Royal Dutch Shell expects oil prices to recover gradually over the next five years, with progress slowed by persistent global oversupply and receding Chinese demand growth.
A rise in global supplies, mainly due to a sharp increase in output from U.S. shale, has weighed on oil prices.
In the nearer term, Shell expects Brent crude oil to show only a modest recovery from today’s $58 a barrel, with 2016 prices forecast to average $67 a barrel and $75 a barrel in 2017.
Oil companies rarely reveal the price forecasts that underpin their future strategies. The chief executive of Shell’s rival BP , Bob Dudley, said recently he expected oil prices to remain low for “a couple of years most certainly.”
The drop in prices boosted demand across the globe. In the United States, gasoline consumption has soared to multi-year highs in recent months as motorists drove more and sales of large vehicles surged.

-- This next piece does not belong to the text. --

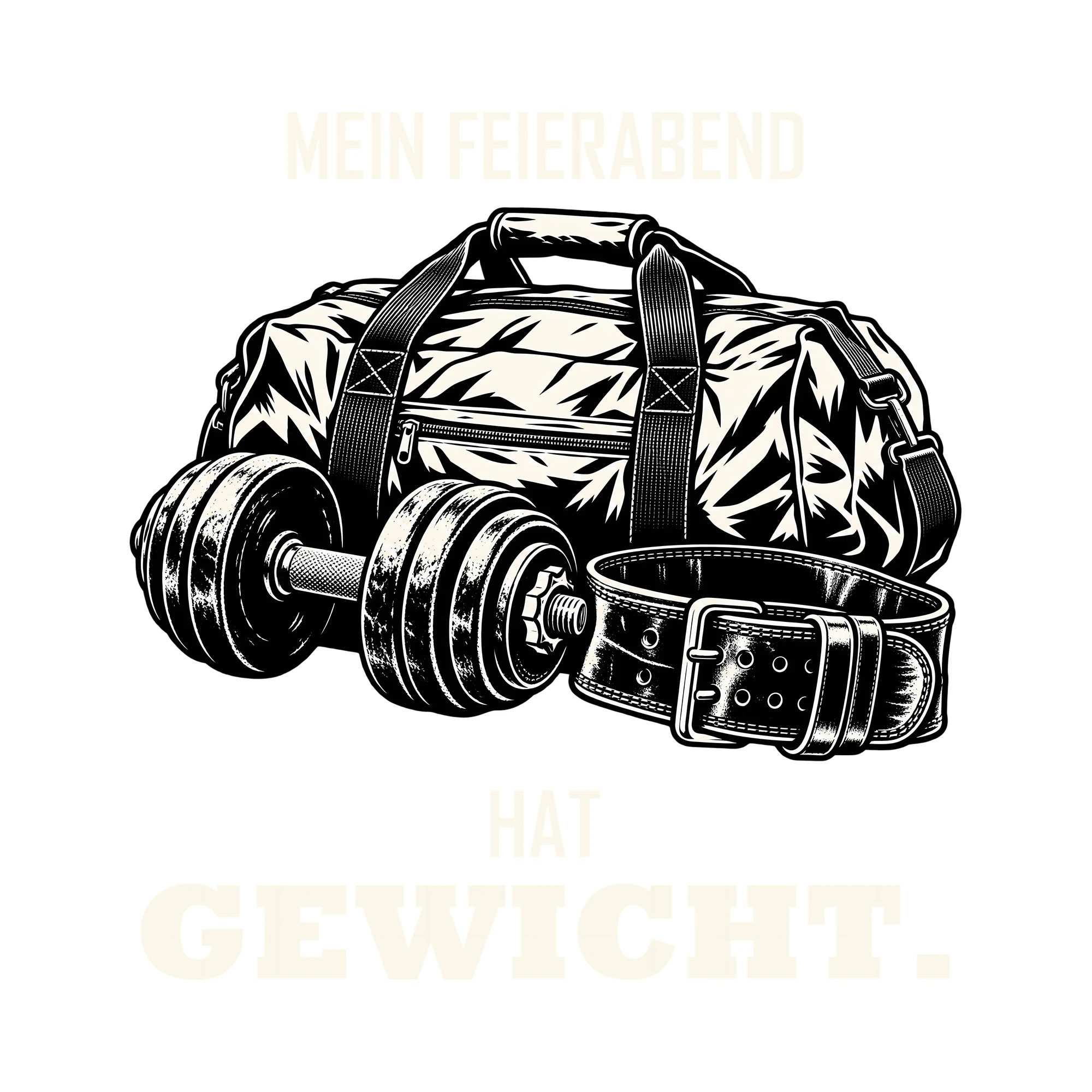 Bügelbild MEIN FEIERABEND HAT GEWICHT. als Grafik auf weißem Hintergrund (BB013727)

According to John Abbott, Shell’s downstream director who oversees refining and trading, consumers have also leapt on the drop in oil prices to stock up tanks.
“In countries like Germany and the United States where people use heating oil, they use the low prices as an opportunity to fill up the storage tanks in their back garden. Some people watch pricing like a hawk. (In Germany) home consumer heating oil storage is at a five-year high today.”